Table 1. Parameters used in the simulation process
Table 2. Anomalies detected during simulation operation

Comparison Between Different Proposal Versions:

Figure 7 showed the energy consumed as a function of simulation time in different proposals. We note a great improvement obtained by FDP and FDAP regarding to Leach-FD version. Therefore, the strategy of aggregator’s selection we proposed gives lower energy consumption which is vital for WSNs to last longer until achieving their missions. Also, we note that the use of cryptography in the third protocol does not consume a lot of energy. Figure 8 shows the network life time duration ensured par different proposals. It represents the number of survival nodes during the entire simulation. From the curves, we note that FDP and FDAP allow ensuring a survival of all nodes until point of time 320 and 350, and maintain a functionality of all nodes during this period and prolong the life time of the WSN, while the life time duration of nodes in improved leach-FD is limited to time 200 only. We justify this difference by the new technique of selecting the aggregators used by FDP and FDAP.

Fig. 7.
figure 7

Energy consumed by nodes.

Fig. 8.
figure 8

Alive nodes number function of time.

Figure 9 represents the amount of data received by BS, which is expressed as a function of the number of messages sent by nodes to BS. The curves show that FDP and FDAP, ensures data transmission up to time 600 with a number of messages equals 11800. On the other hand, the transmission of data in leach-FD stops at time 210 with almost 17500. Therefore, no remarkable improvement regarding the amount of data received by BS is noted.
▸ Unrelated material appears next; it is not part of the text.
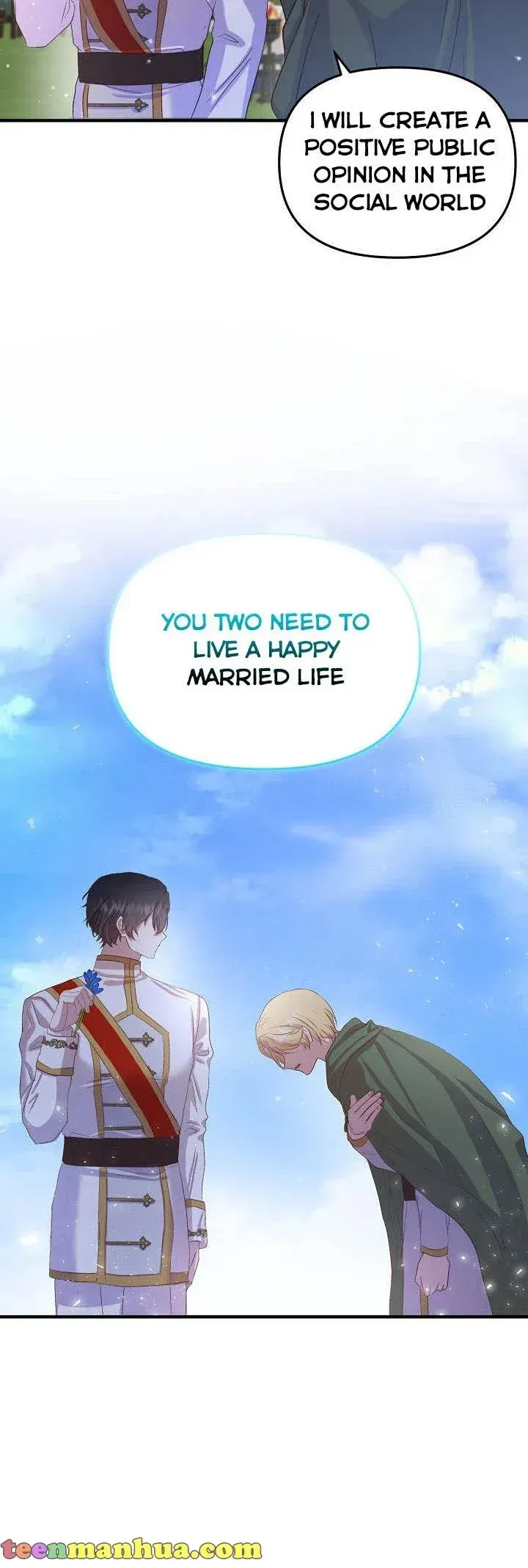 I Didn’t Save You To Get Proposed To Chapter 11 Online - página 30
The cause of data reduction is the elimination of data of the faulty sensors and the nodes that have a minimum energy because we are interested in the quality of the data more than the quantity.

Fig. 9.
figure 9

Data amount received by BS.

Proposals Behavior in Presence of Faults:

The results obtained after variation of the number of failed nodes are illustrated by the Figs. 10, 11 and 12 with 2%, 5% and 10%.of failed nodes. Figure 10 represents the energy consumption as a function of simulation time in FDAP in the three cases: 2%, 5% and 10% of faulty nodes. The curves show a difference in energy consumption between the three cases. When a node fails, the number of messages, during the verification phase, increases leading to the increase of energy dissipation. Figure 11 represents the life time duration of WSN in FDAP. We note a reduction in the WSN life time each time the number of failed nodes has increased. Figure 12 represents the data received by BS in FDAP in the three different cases. The results showed that the number of failed nodes impacts negatively the performance of the protocol where we note a big difference in the amount of data received by BS because of the elimination of incorrect values.

Fig. 10.
figure 10

Energy consumed in FDAP.

Fig. 11.
figure 11

Nodes life time duration in FDAP.

Fig. 12.
figure 12

Data amount received by BS in FDAP.

4 Conclusion

Since the decision taken by the end user of a WSN greatly depends on the data sensed by nodes from an area of interest, these data which have undergone an aggregation process, must be as dependable as possible to ensure the success of the network mission. That is why our protocol is designed to transmit only reliable data from healthy nodes avoiding so those that are faulty or compromised by intruders. The results of simulation carried out via the well known Network Simulator NS2 shown that our third proposal is able to detect all the considered anomalies like failure node or node attack. The convincing results have been obtained in an efficient way in terms of energy consumption and network life time duration. To be complete, we intend to include in our protocol the robustness of the sink to cope with both fault occurrences and attacks.